▸ Goal of the exercise:
No pictures belong in the copy. Retype exactly, and only, the stretch of lines below from the one with "Alpha Amylase Antibody (HL1681)" through the one with "Chế độ đồng".

(Crawled caption data)
<<<<

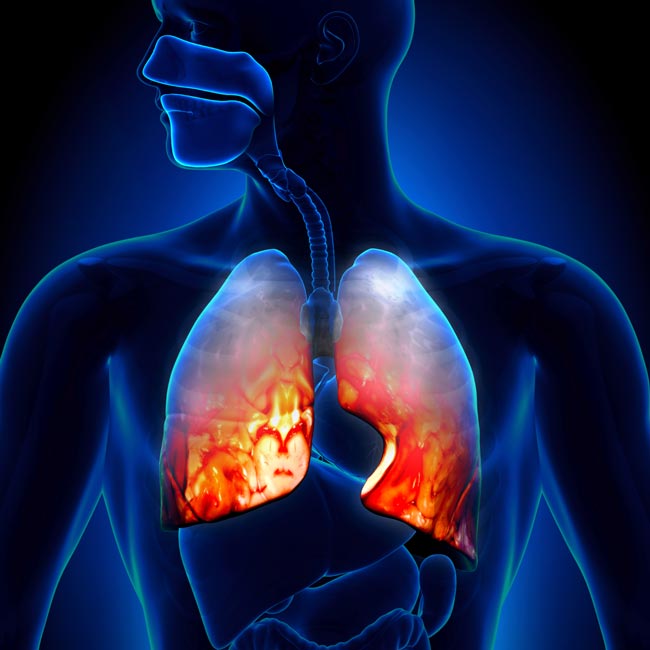 معالجة اضطرابات الجهاز التنفسي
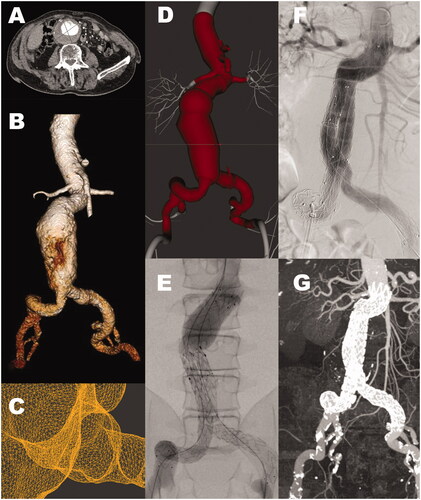 Figure 3. Patient with aneurysmal dilatation of the abdominal aorta, male, age 86 (A) Computed tomography angiography shows an aneurysm with a maximal diameter of 71 mm. (B) Segmented surface-rendered 3D reconstruction. (C) Detail from the STL model of the ostium of the artery to the left kidney. (D) The imported STL model (center) in the simulator stitched to the simulator template (light gray). (E) Angiogram of the stent-graft components on the simulator. (F) Angiogram of the stent-graft components in the patient. Visually E and F show poor correlation. (G) CT-angiogram at six months follow-up.
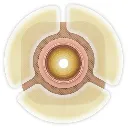 79402-adapt-hollister-ostomyBarrier-extendersonabarrier__24409.webp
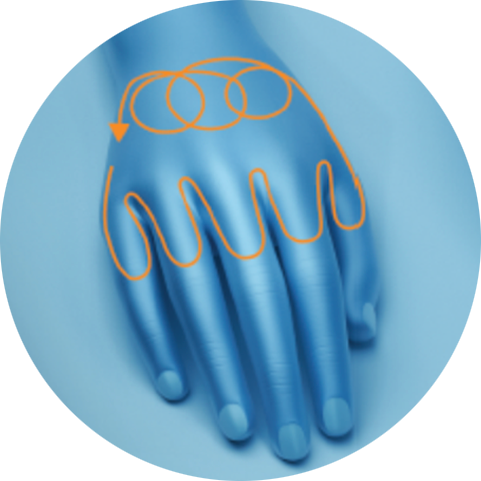 Illustration of a treatment path on the hand for PicoSure Pro laser treatment in London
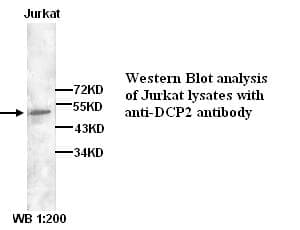 IHC-plus™ DCP2 Antibody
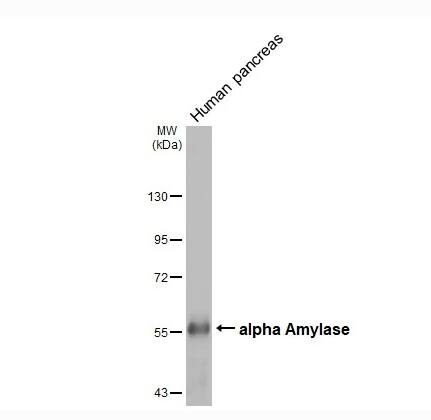 Alpha Amylase Antibody (HL1681)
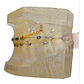 Modelo Dental Ortodoncia Brackets Normal Acrílico Transp - Miniatura 3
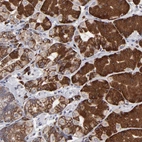 Immunohistochemical staining of human stomach shows strong cytoplasmic positivity in glandular cells.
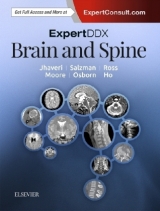 ExpertDDx: Brain and Spine - Jhaveri, Miral D.; Salzman, Karen L.; Ross, Jeffrey S.; Moore, Kevin R.; Osborn, Anne G.; Ho, Chang Yueh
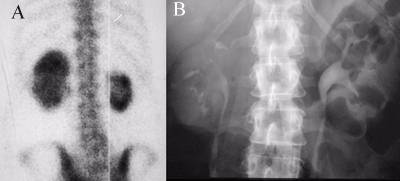 Chronic Pyelonephritis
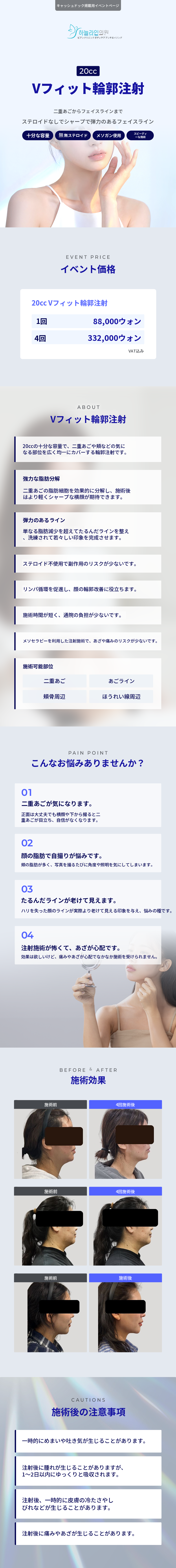 Vフィット輪郭注射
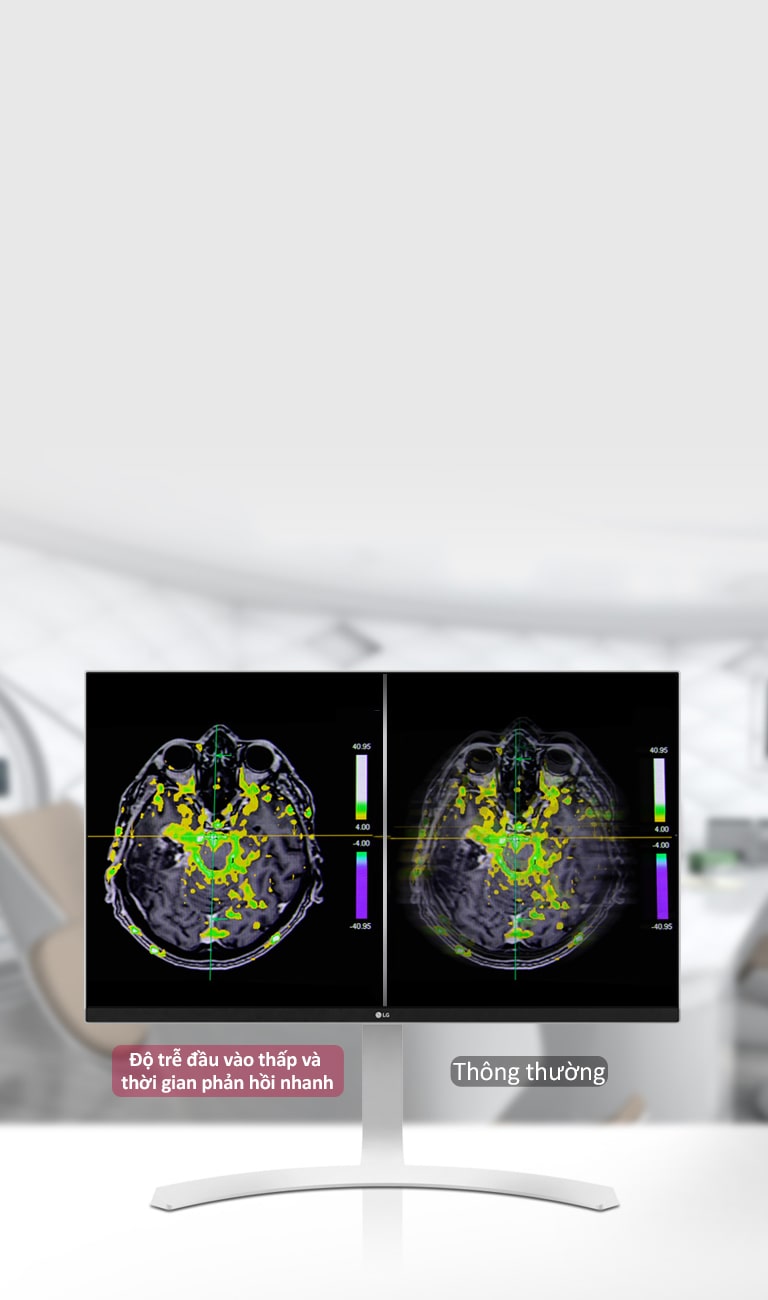 Chế độ đồng bộ động và thời gian phản hồi nhanh1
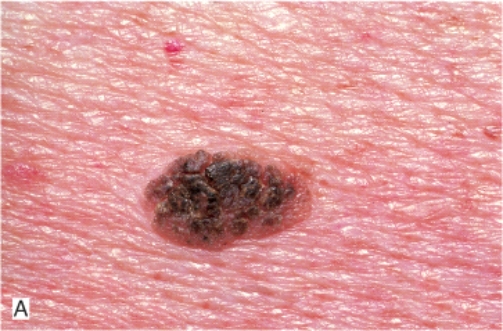 A well-demarcated, coin-like, dark brown lesion appeared on the shoulder of a 59-year-old man. The lesion appears velvety, greasy, and has a  stuck on  appearance so that it can easily be removed. Which of the following is the most likely diagnosis?   A)  Lentigo B)  Ephelis C)  Vitiligo D)  Seborrheic keratosis E)  Actinic keratosis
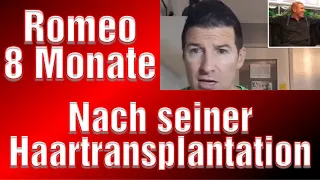 8 Monate Haartransplantation Erfahrung Haarverpfanzung Vorher Nachher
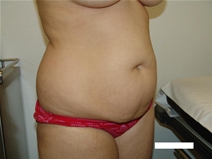 Tummy Tuck Before Photo by Moneer Jaibaji, MD; Coronado, CA - Case 22162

>>>>

▸ Task answer:
 Alpha Amylase Antibody (HL1681)
 Modelo Dental Ortodoncia Brackets Normal Acrílico Transp - Miniatura 3
 Immunohistochemical staining of human stomach shows strong cytoplasmic positivity in glandular cells.
 ExpertDDx: Brain and Spine - Jhaveri, Miral D.; Salzman, Karen L.; Ross, Jeffrey S.; Moore, Kevin R.; Osborn, Anne G.; Ho, Chang Yueh
 Chronic Pyelonephritis
 Vフィット輪郭注射
 Chế độ đồng bộ động và thời gian phản hồi nhanh1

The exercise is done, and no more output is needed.